What you should do:
Please copy exactly the part of the records below that opens with the line containing "Kids White Sneakers" and closes with the line containing "A bedroom with", leaving out any pictures.

Source information: Begin

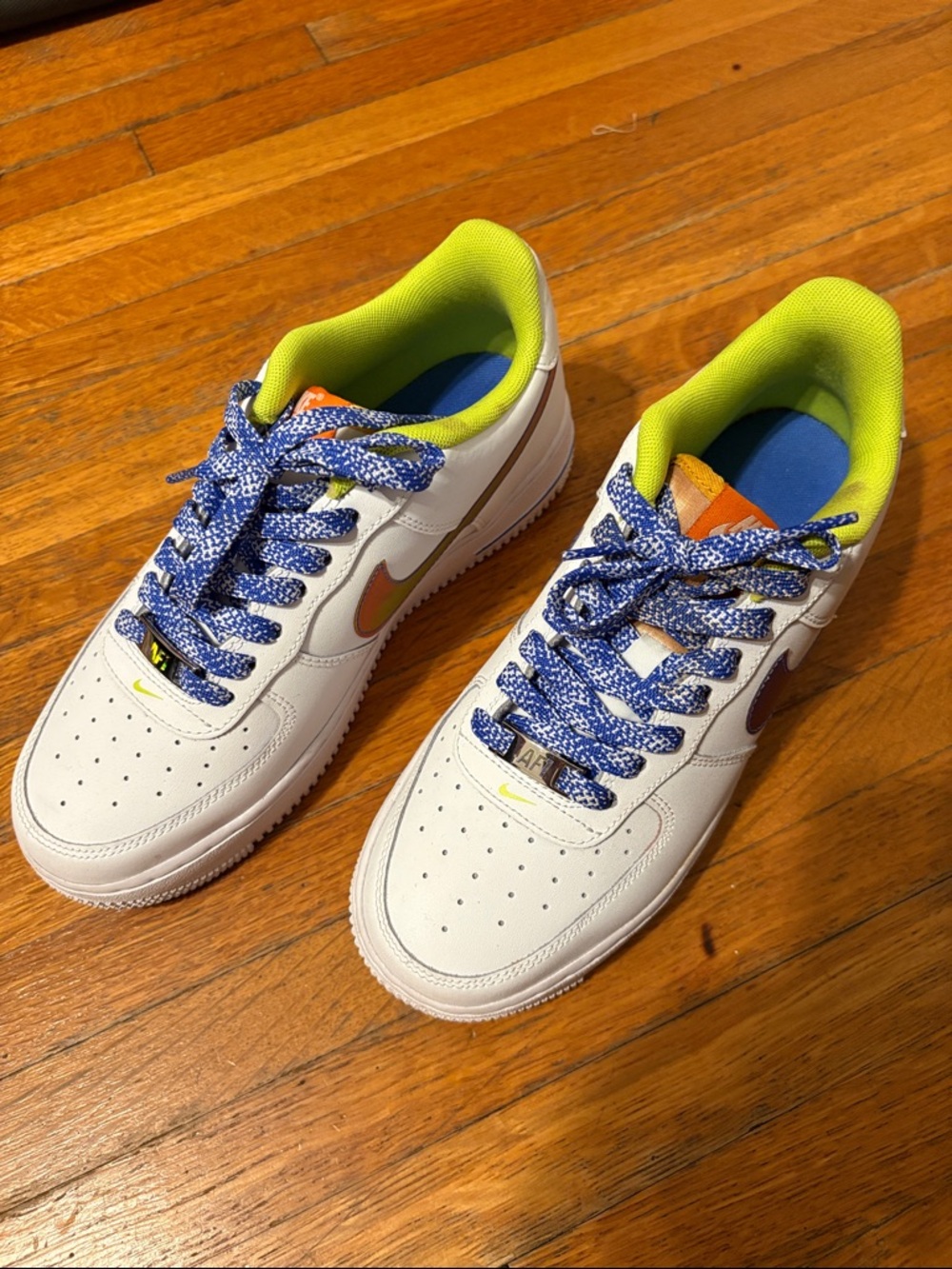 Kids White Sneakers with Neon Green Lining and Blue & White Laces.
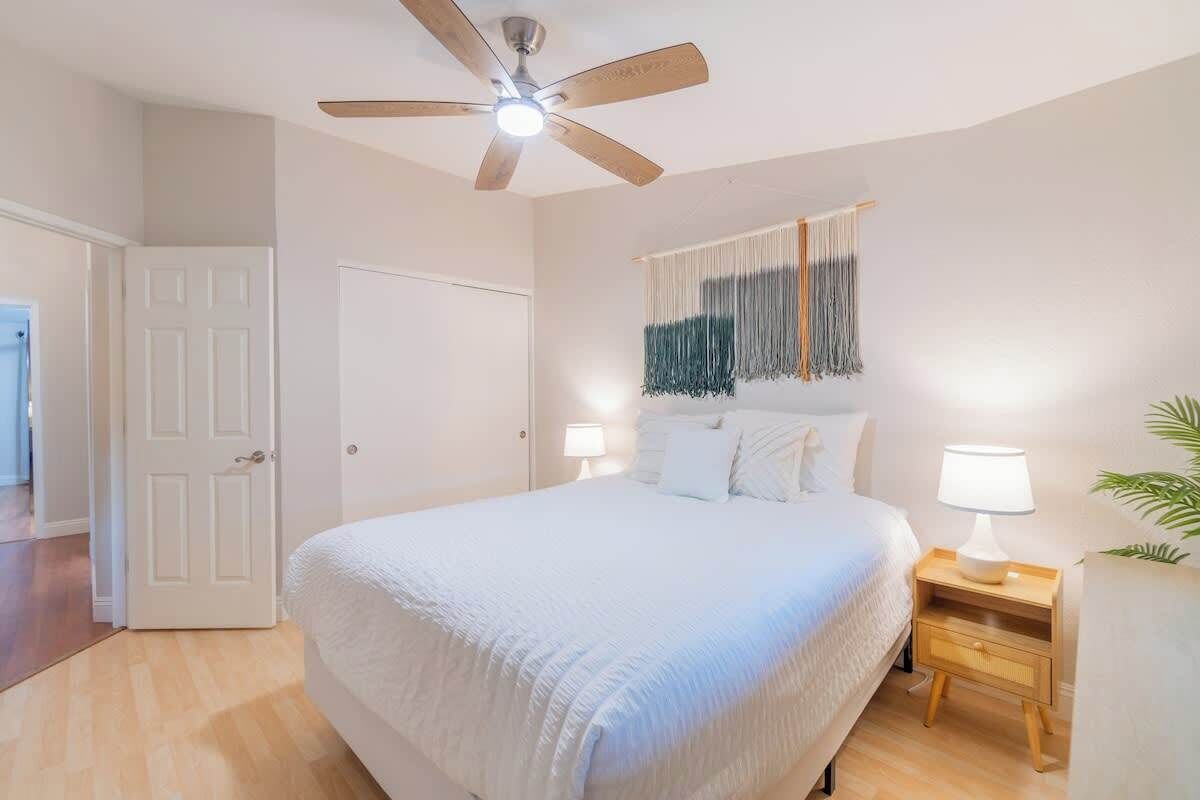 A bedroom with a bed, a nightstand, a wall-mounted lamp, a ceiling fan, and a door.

Source information: End
Source information: Begin

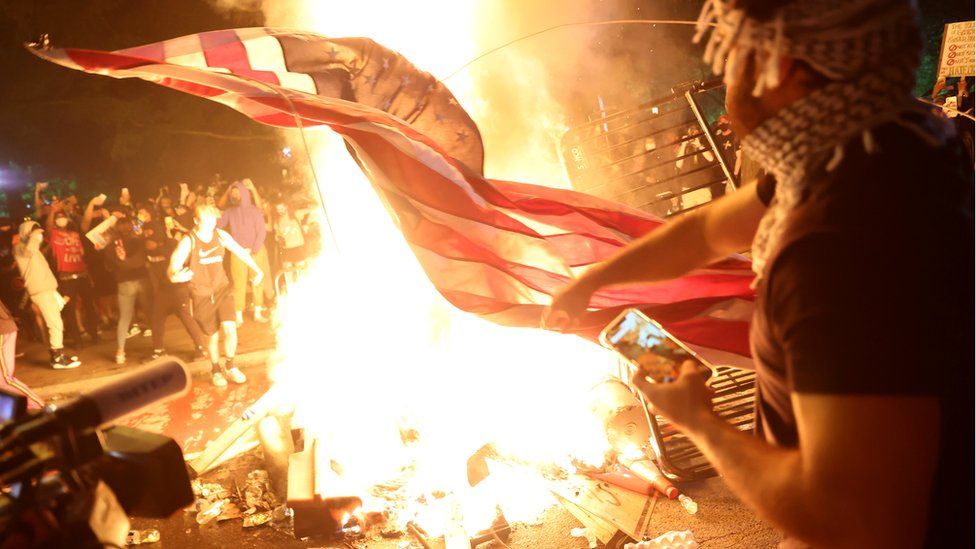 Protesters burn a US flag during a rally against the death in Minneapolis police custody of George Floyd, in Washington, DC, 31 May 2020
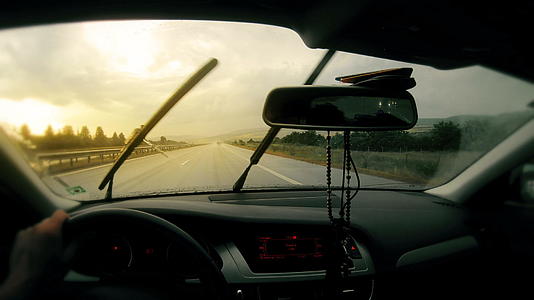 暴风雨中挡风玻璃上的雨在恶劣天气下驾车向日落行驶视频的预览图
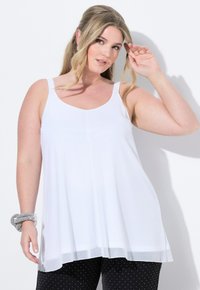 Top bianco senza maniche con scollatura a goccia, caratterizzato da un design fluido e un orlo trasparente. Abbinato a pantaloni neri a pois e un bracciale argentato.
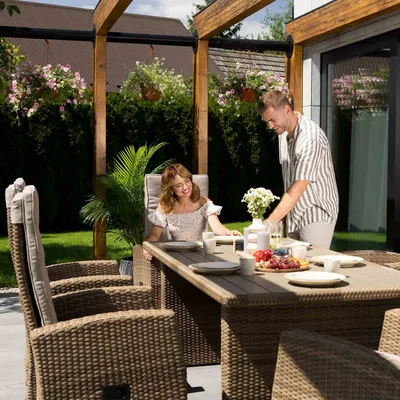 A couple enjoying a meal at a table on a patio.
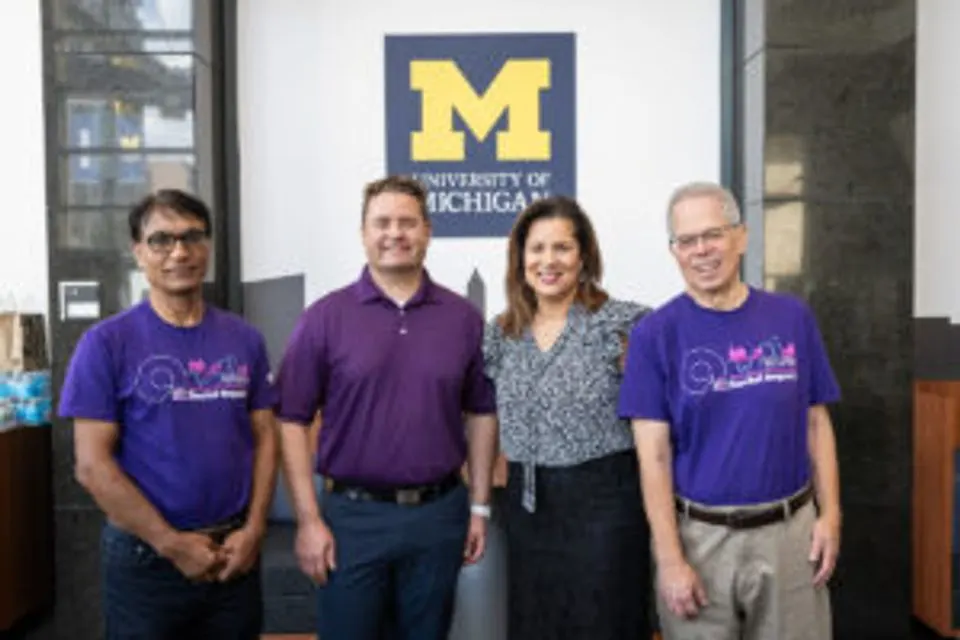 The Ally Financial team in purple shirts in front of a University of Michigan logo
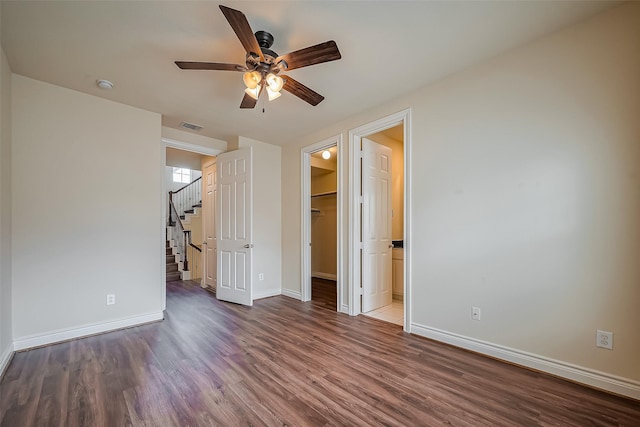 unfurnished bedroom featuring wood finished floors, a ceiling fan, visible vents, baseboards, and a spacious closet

Source information: End

Problem solution:
 Kids White Sneakers with Neon Green Lining and Blue & White Laces.
 A bedroom with a bed, a nightstand, a wall-mounted lamp, a ceiling fan, and a door.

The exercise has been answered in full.